# Airport admin utility can't find base station



## Branchu (Apr 13, 2006)

Hi, this is my first post so my apologies if this has been thoroughly covered previously.  For several months I have used cable internet via an airport extreme base station from my G4 powerbook. Suddenly its not working. A friend advised me to update the airport extreme firmware. I have downloaded it from the Apple site, but the installer cannot find the base station. So I looked from airport admin utility and that cannot find the base station either.  How can I get the admin utility or the installer to recognize the base station?  I have tried resetting the base station by holding the reset button for 5 seconds.  My computer does recognize the airport network though! 

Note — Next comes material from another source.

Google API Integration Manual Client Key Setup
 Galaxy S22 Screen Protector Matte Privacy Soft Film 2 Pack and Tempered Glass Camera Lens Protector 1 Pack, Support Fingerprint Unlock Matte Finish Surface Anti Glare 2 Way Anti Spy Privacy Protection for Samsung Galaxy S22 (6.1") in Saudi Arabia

Thanks for any ideas you might have!


----------



## powermac (Apr 13, 2006)

I am not sure if I am going to be a real help to you or not. I will try. 
Have you attempted a hard reset? 

A hard reset removes current settings from the base station. You must then connect to the base station using the AirPort Admin Utility and upload AirPort 2.0 or later software to return the base station to its default settings. A base station in a hard reset mode is only accessible through the LAN port, not via wireless connections.
______________________________
To perform a hard reset:
Unplug the power adapter.
Press and hold the reset button.
Plug in the power adapter.
Release the reset button after at least two seconds total have elapsed (including the time required to plug in the power adapter while keeping the reset button depressed).

The middle LED blinks at a rate of once every second while in hard reset mode.
---------------------------------------------
This should totally wipe out any settings you have, and return the Base Station to the default settings from the factory. Give this a try, if you have not all ready done so. 

This link may be help as well, if you are able to reset the base station, and need to load the current software: 
http://docs.info.apple.com/article.html?artnum=106685


----------



## jh2112 (Apr 13, 2006)

My Airport Express does this. The only solution is to perform a 'hard' reset and set it up again.


----------



## Branchu (Apr 14, 2006)

Thanks. This was helpful. I did the hard reset, and also updated the firmware. It solved my problems in so far as I can now access the internet through my airport extreme base station, but the same problem persists of my not being see any base station through the airport admin utility.



			
				powermac said:
			
		

> I am not sure if I am going to be a real help to you or not. I will try.
> Have you attempted a hard reset?
> 
> A hard reset removes current settings from the base station. You must then connect to the base station using the AirPort Admin Utility and upload AirPort 2.0 or later software to return the base station to its default settings. A base station in a hard reset mode is only accessible through the LAN port, not via wireless connections.
> ...


----------